* Task to carry out: What is needed is an exact reproduction of the listing, without its pictures.

* Data extract:
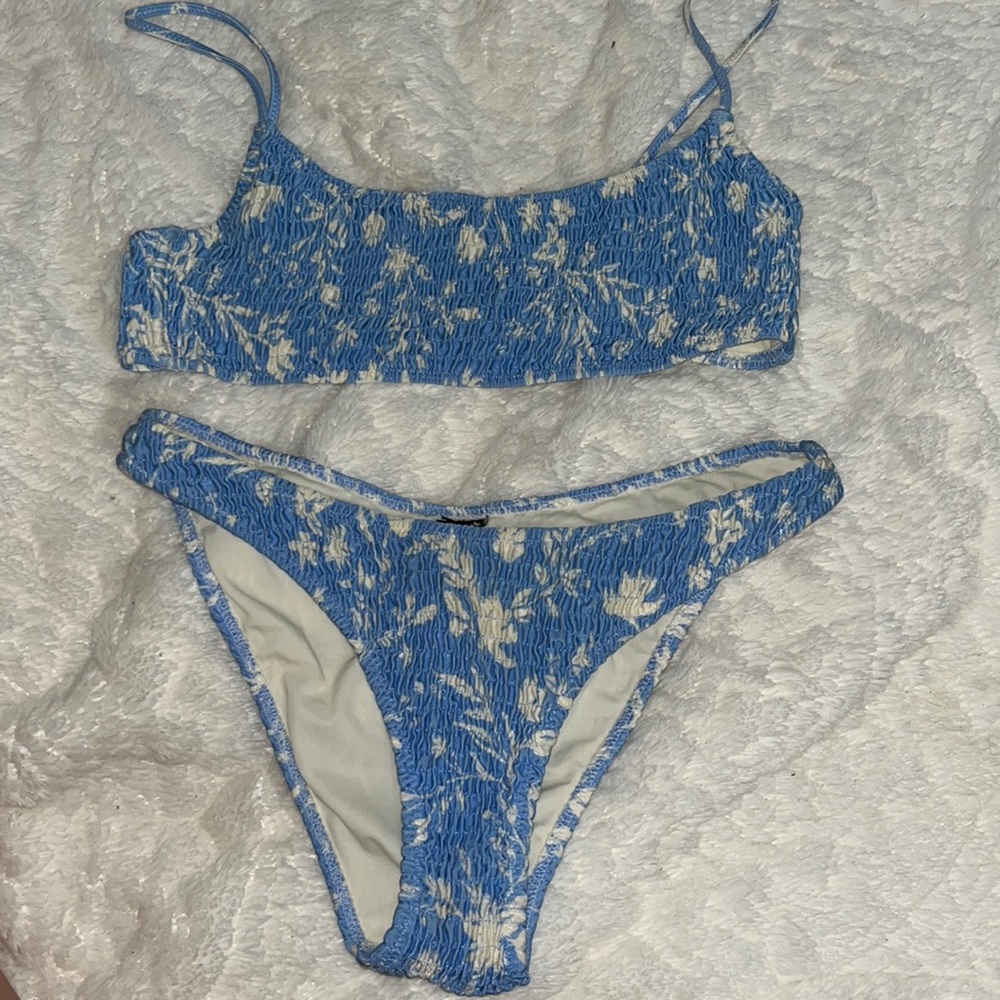 TRIANGL BIKINI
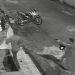 Entregador de delivery vai fazer entrega e tem moto roubada por dupla em Manaus; vídeo
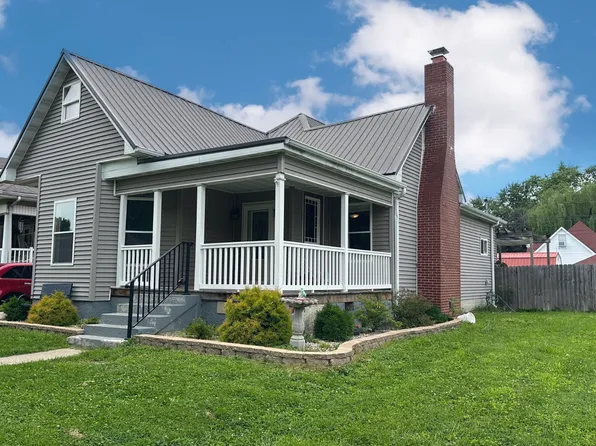 327 E 4th St, Flora, IL 62839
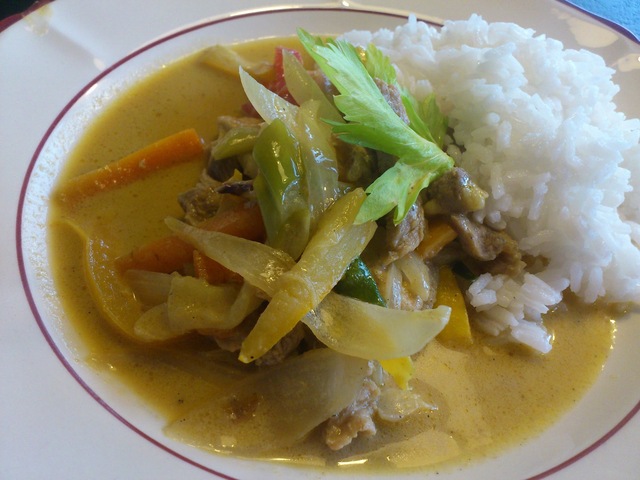 Svinewok med currypaste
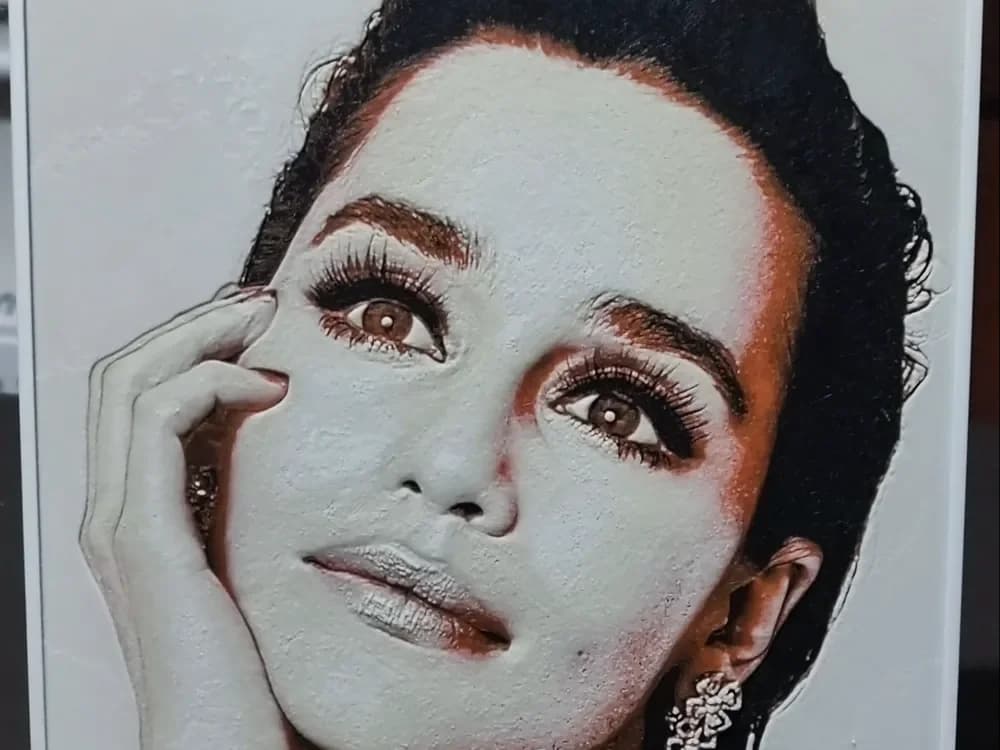 Emilia Clarke HueForge 4 Color by BoDad HueForge model: Emilia Clarke HueForge 4 Color by BoDad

* Exercise output:
 TRIANGL BIKINI
 Entregador de delivery vai fazer entrega e tem moto roubada por dupla em Manaus; vídeo
 327 E 4th St, Flora, IL 62839
 Svinewok med currypaste
 Emilia Clarke HueForge 4 Color by BoDad HueForge model: Emilia Clarke HueForge 4 Color by BoDad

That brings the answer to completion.